『オルタ』とともに

荒木 重雄

 私が畏友の紹介で加藤宣幸氏の知遇を得たのは2007年のことであった。私たちの世代のつねとして、仲間内の懇談は、えてして、懐旧譚に傾いたり、政治や社会の現状批判でも主体性を欠いた世間話に終わってしまいがちなのだが、そのなかで最年長の加藤氏だけが、ひとり、現状批判をいかに運動に結びつけられるのか、そのために『オルタ』をどう活用できるのか、そのためには『オルタ』がどうあらなければならないかを、真剣に自らに問い、他にも語りかけていた。最高齢者でありながらのその際立って前向きな姿勢に感銘を受けたのが、私が『オルタ』に関心を寄せた動機である。
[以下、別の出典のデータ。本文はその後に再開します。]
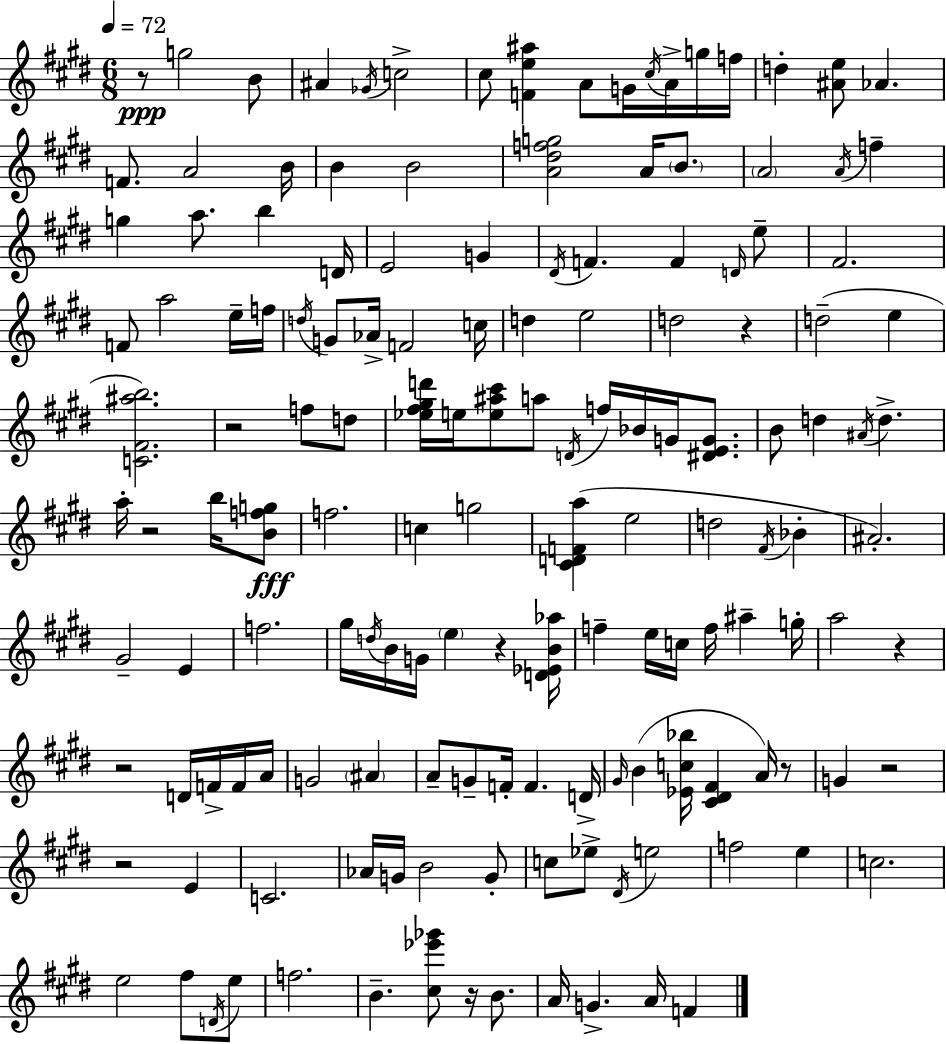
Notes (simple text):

R/e G5/h B4/e A#4/q Gb4/s C5/h C#5/e [F4,E5,A#5]/q A4/e G4/s C#5/s A4/s G5/s F5/s D5/q [A#4,E5]/e Ab4/q. F4/e. A4/h B4/s B4/q B4/h [A4,D#5,F5,G5]/h A4/s B4/e. A4/h A4/s F5/q G5/q A5/e. B5/q D4/s E4/h G4/q D#4/s F4/q. F4/q D4/s E5/e F#4/h. F4/e A5/h E5/s F5/s D5/s G4/e Ab4/s F4/h C5/s D5/q E5/h D5/h R/q D5/h E5/q [C4,F#4,A#5,B5]/h. R/h F5/e D5/e [Eb5,F#5,G#5,D6]/s E5/s [E5,A#5,C#6]/e A5/e D4/s F5/s Bb4/s G4/s [D#4,E4,G4]/e. B4/e D5/q A#4/s D5/q. A5/s R/h B5/s [B4,F5,G5]/e F5/h. C5/q G5/h [C#4,D4,F4,A5]/q E5/h D5/h F#4/s Bb4/q A#4/h. G#4/h E4/q F5/h. G#5/s D5/s B4/s G4/s E5/q R/q [D4,Eb4,B4,Ab5]/s F5/q E5/s C5/s F5/s A#5/q G5/s A5/h R/q R/h D4/s F4/s F4/s A4/s G4/h A#4/q A4/e G4/e F4/s F4/q. D4/s G#4/s B4/q [Eb4,C5,Bb5]/s [C#4,D#4,F#4]/q A4/s R/e G4/q R/h R/h E4/q C4/h. Ab4/s G4/s B4/h G4/e C5/e Eb5/e D#4/s E5/h F5/h E5/q C5/h. E5/h F#5/e D4/s E5/e F5/h. B4/q. [C#5,Eb6,Gb6]/e R/s B4/e. A4/s G4/q. A4/s F4/q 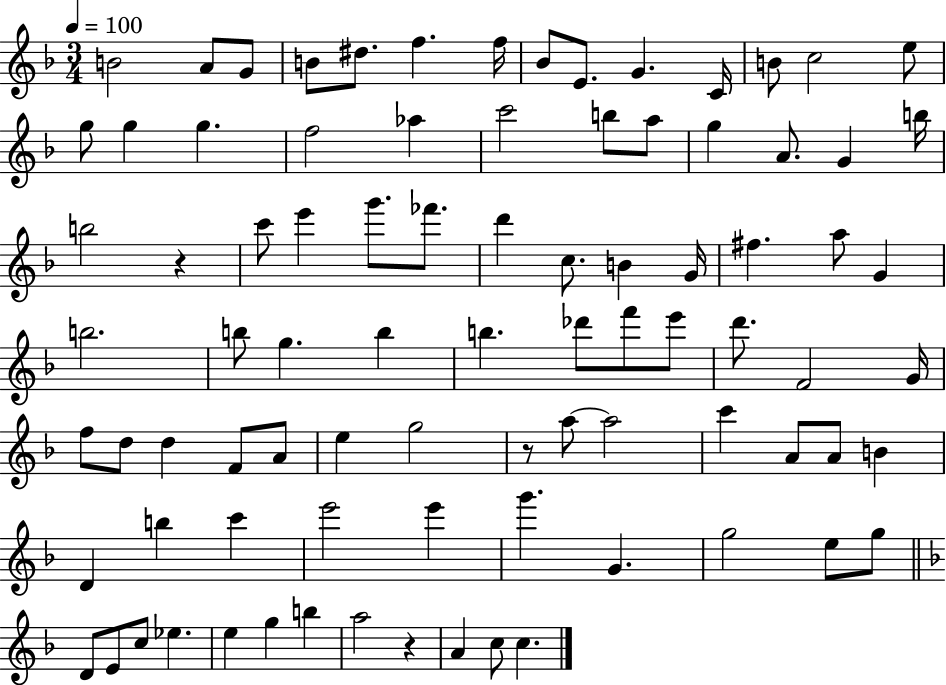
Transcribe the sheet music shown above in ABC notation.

X:1
T:Untitled
M:3/4
L:1/4
K:F
B2 A/2 G/2 B/2 ^d/2 f f/4 _B/2 E/2 G C/4 B/2 c2 e/2 g/2 g g f2 _a c'2 b/2 a/2 g A/2 G b/4 b2 z c'/2 e' g'/2 _f'/2 d' c/2 B G/4 ^f a/2 G b2 b/2 g b b _d'/2 f'/2 e'/2 d'/2 F2 G/4 f/2 d/2 d F/2 A/2 e g2 z/2 a/2 a2 c' A/2 A/2 B D b c' e'2 e' g' G g2 e/2 g/2 D/2 E/2 c/2 _e e g b a2 z A c/2 c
 私がかかわりを持ちはじめた頃の『オルタ』は、社会的・政治的テーマの論文を巻頭に掲げながらも、格調の高い、あるいは滋味豊かな言葉が並ぶ、同人誌的な風情であった。いわば、人生の達人が一歩引いた高みから世相に提言するふうであった。
 それがしだいに変化したのは、社会の変化と軌を一にしている。とりわけ12年の第2次安倍政権発足以来の「戦後レジームからの脱却」政策の加速である。無謀な戦争で失われた300万の生命の犠牲を基に70余年に亙る国民の営みで維持してきた戦後日本の理念と仕組みが、一政権の恣意によって無惨にも毀されていく状況である。
 いま必要なのは、人生の達人が含蓄深い言葉で綴る文学的・哲学的思索ではなく、状況を撃つ言葉、状況を撃つ思想、状況を撃つ論理ではないか。選挙で反動化・右傾化に抗する一票を増やすことではないのか。そのような志向をこの時期、私と加藤宣幸氏は共有することができたように思う。
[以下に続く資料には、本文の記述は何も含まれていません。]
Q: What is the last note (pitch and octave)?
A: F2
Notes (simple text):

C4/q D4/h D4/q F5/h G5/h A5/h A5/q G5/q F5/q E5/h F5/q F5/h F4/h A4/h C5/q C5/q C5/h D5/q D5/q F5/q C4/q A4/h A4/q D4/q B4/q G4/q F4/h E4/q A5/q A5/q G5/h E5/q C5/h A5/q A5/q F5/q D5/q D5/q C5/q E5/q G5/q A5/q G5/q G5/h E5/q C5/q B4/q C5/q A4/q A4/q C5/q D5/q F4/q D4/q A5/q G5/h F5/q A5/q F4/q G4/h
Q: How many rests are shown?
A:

 『オルタ』は、掲載論文を今日的な社会・政治課題に直に向き合う論考に大幅にシフトするとともに、状況やそれに対する見解をより多くの人々に伝えるために、複合的なジャーナリズム・メディアへの転換を図った。それが、「オルタ・オープンセミナー」の開催や、リベラルな政治家・研究者・ジャーナリスト・元官僚などへのインタビュー動画の YOUTUBE 配信であった。
 加藤宣幸氏は一時期、毎号の『オルタ』の企画を立てると、かならず私に意見を求めてくれた。私はほとんど賛意を示し、励ましの言葉を伝えるだけだったが、いまとなっては誇らしい思い出である。

 そういえば、配信先の拡大のために幾つかの学会の名簿などを提供したときも加藤氏はことのほか喜んでくれた。またなぜか、私が主宰する「仏教に親しむ会」にも毎月、足を運んでくださって、私の講演を動画に撮影し、YOUTUBE に配信してくださった。それらの折々の加藤宣幸氏の温顔が忘れられない。
 お顔といえば、葬儀のとき控室に置かれてあった、どこかの庭園だろうか、和服姿の加藤宣幸氏が背筋をのばし、しっかり前を見つめ、正面に向かって歩いてこられる写真が印象深かった。お孫さんが撮られたそうだが、その歩む姿は加藤宣幸氏の人生そのものだったであろうし、また、いまもなお歩み続けておられるようにも思われる。